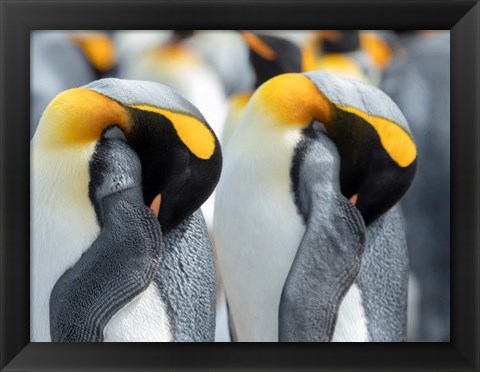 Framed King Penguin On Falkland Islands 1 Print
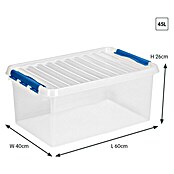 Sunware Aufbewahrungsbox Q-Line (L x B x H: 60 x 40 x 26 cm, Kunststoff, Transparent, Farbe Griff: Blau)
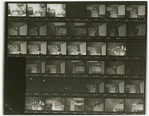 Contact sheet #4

·····

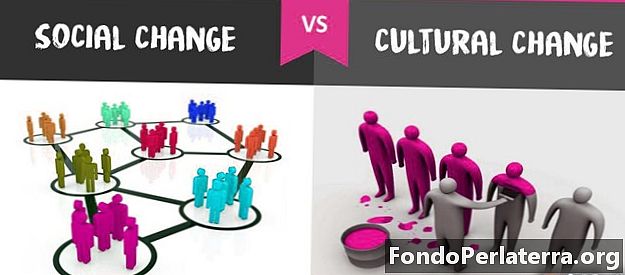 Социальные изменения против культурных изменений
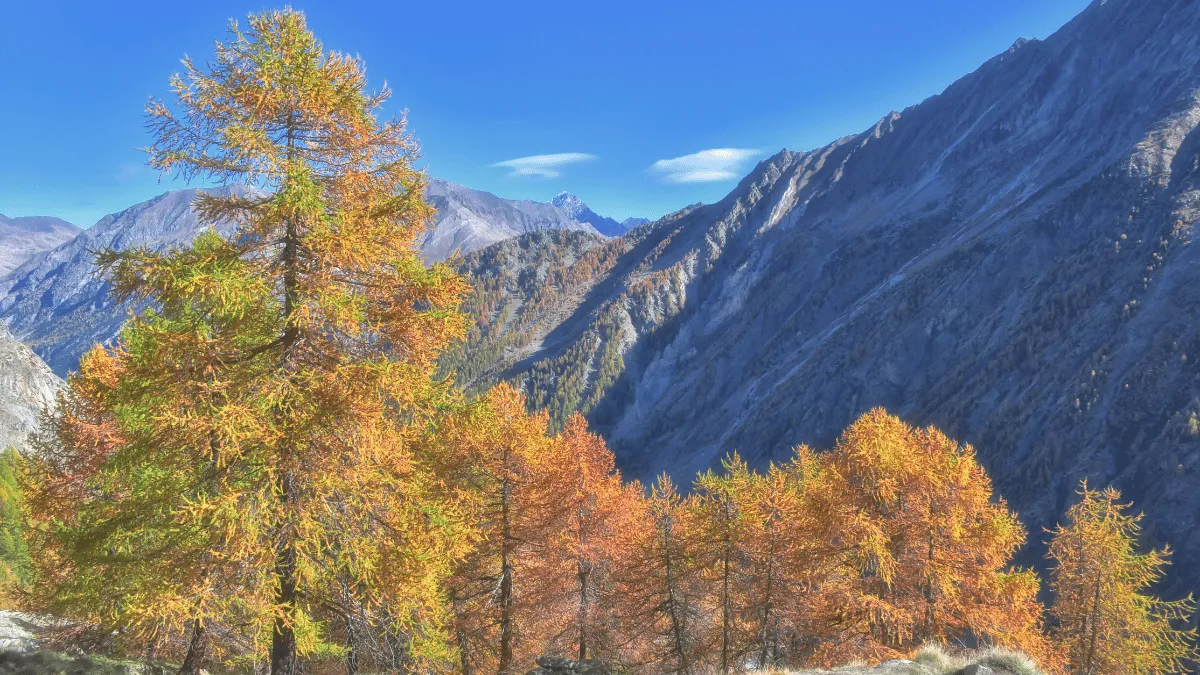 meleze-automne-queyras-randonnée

·····

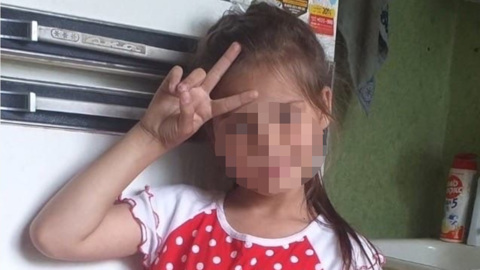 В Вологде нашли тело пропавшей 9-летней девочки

·····

What to do
Starting with the line that contains "Sunware Aufbewahrungsbox Q-Line" and finishing with the line that contains "Contact sheet #4", reproduce every line of the material above exactly, but not the pictures.

Finished exercise
 Sunware Aufbewahrungsbox Q-Line (L x B x H: 60 x 40 x 26 cm, Kunststoff, Transparent, Farbe Griff: Blau)
 Contact sheet #4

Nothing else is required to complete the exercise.